Re: Logic in switch product names?

2610 is actually newer than the 5400, but it's in a different class of switch so newer doesn't mean better!

I agree a good time line of product release would help. Good idea for the ProCurve wiki... Apart from that you can only guy by the numbers within the switch class.

e.g.
2600 is older than the 2610
2800 is older than the 2810
3400 is older than the 3500
5300 is older than the 5400

SCOOTER
Esteemed Contributor

Re: Logic in switch product names?

Hi Matt,

Almost, this does not hold up for the 25xx series although if you see the 25xx series and the 2510 series apart..
Matt Hobbs
Honored Contributor

Re: Logic in switch product names?

What do you mean? The 2510 is newer than the 2512/2524's...
SCOOTER
Esteemed Contributor

Re: Logic in switch product names?

That's true since they are 2 different series (2500- 2510-series).

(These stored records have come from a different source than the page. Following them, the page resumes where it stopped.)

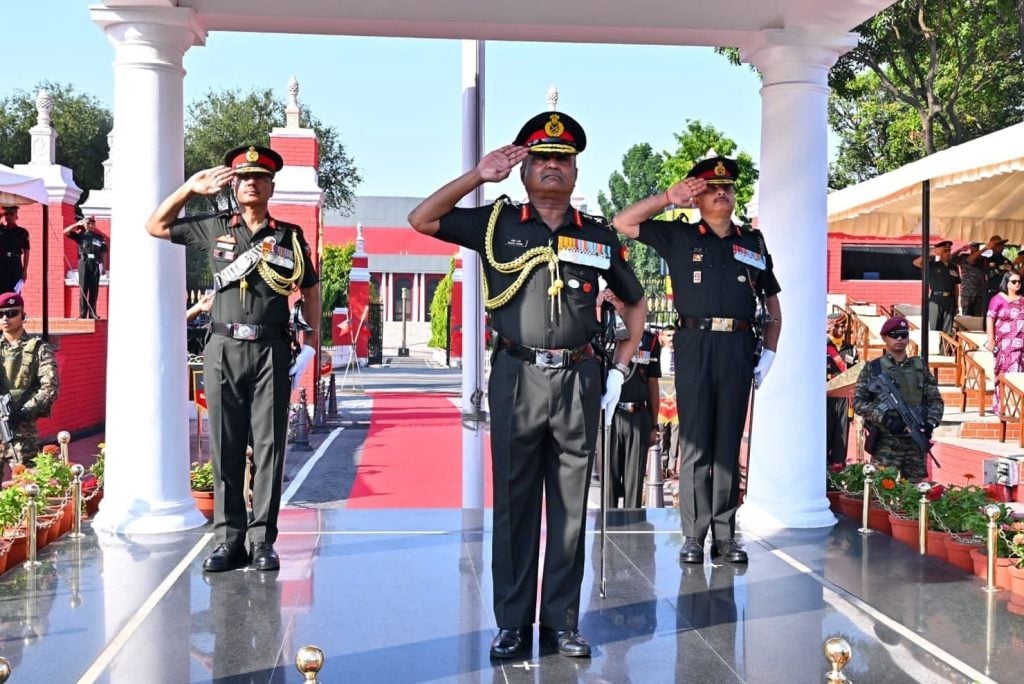 Why Indian Armed Forces Have Different Salutes Indian Army Salute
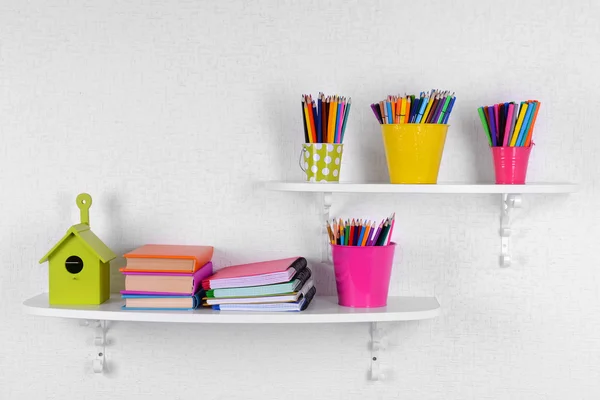 Regale mit Schreibwaren im Kinderzimmer in Großaufnahme — Stockfoto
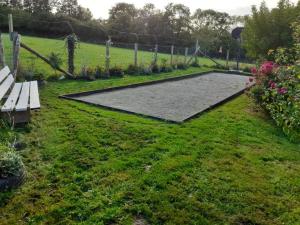 Charme et Authenticité en Forêt Maine Normandie : Demeure Rénovée avec Jardin, Idéale pour Séjour Détente - FR-1-410-186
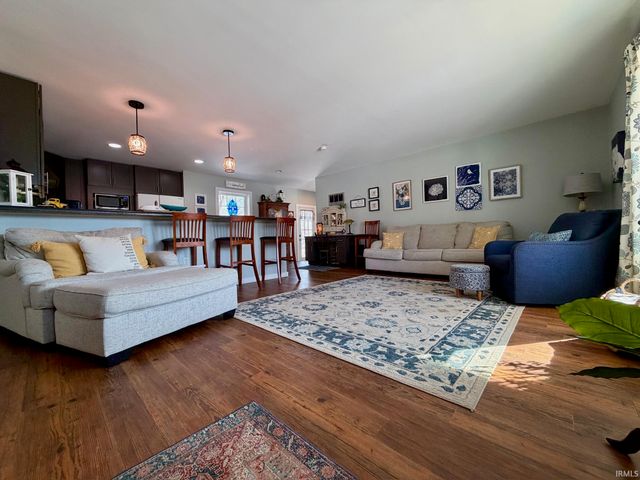 17 Eastview Court, Bedford, IN 47421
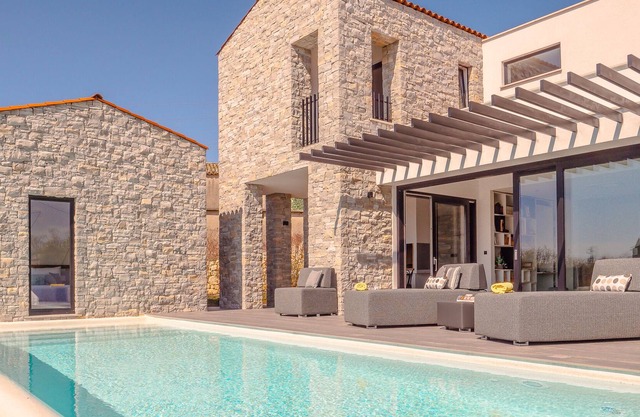 Villa Ca Veia nearby Vrbnik – Crovillas GmbH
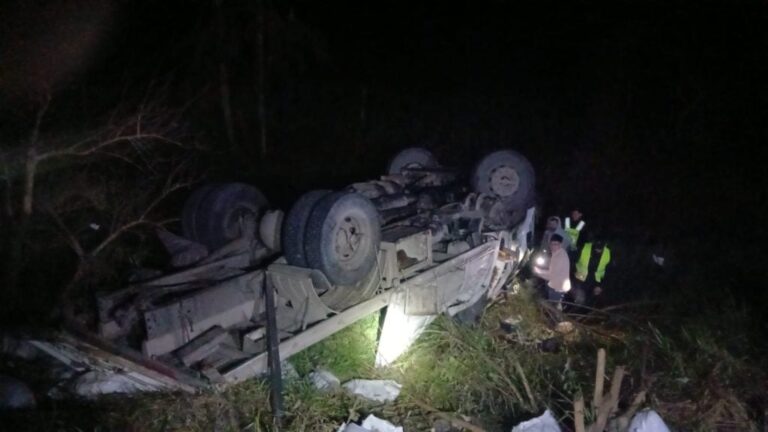 Volcó un camión en la “Curva de la Muerte” y el cinturón de seguridad le salvó la vida al conductor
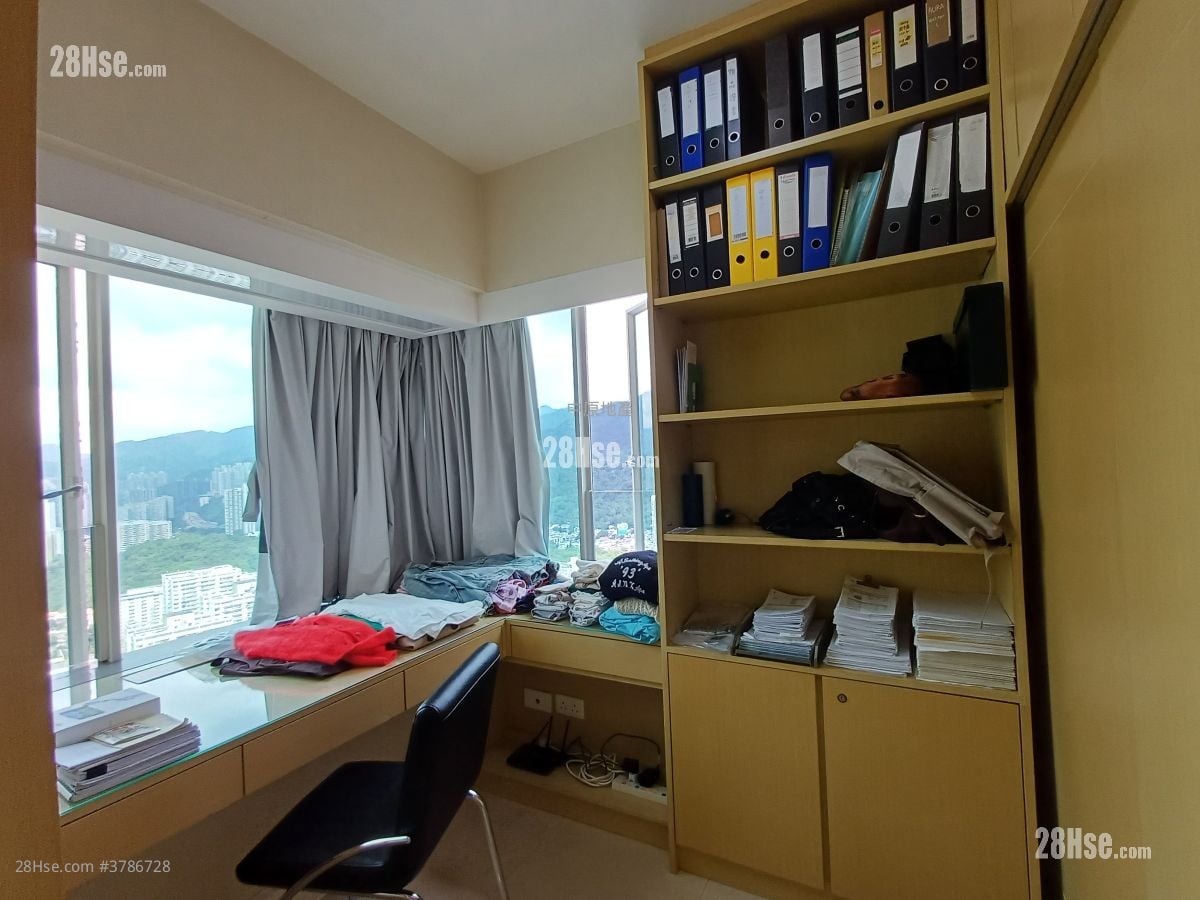 名城 售盘 2 房 1,039 平方尺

However if you go by 25xx then the 12/24 represent higher values then the 10.

The explenation is that ProCurve went from the 2 last digits representing the number of ports to representing the series and adding the -24 as number of ports and letter G with the extention if Gigibit.

Quote: "Does the first two digits in the name has any meaning? Like 25xx, 26xx, 53xx and so on?"

So today the last 2 digits can mean the series or the number of ports.


SCOOTER
Esteemed Contributor

Re: Logic in switch product names?

Oh yeah and the 8000M and 4000M are the same family but the 4000M is 1 month younger.

8000M June 1st 1998 and the 4000M July 1st on SA.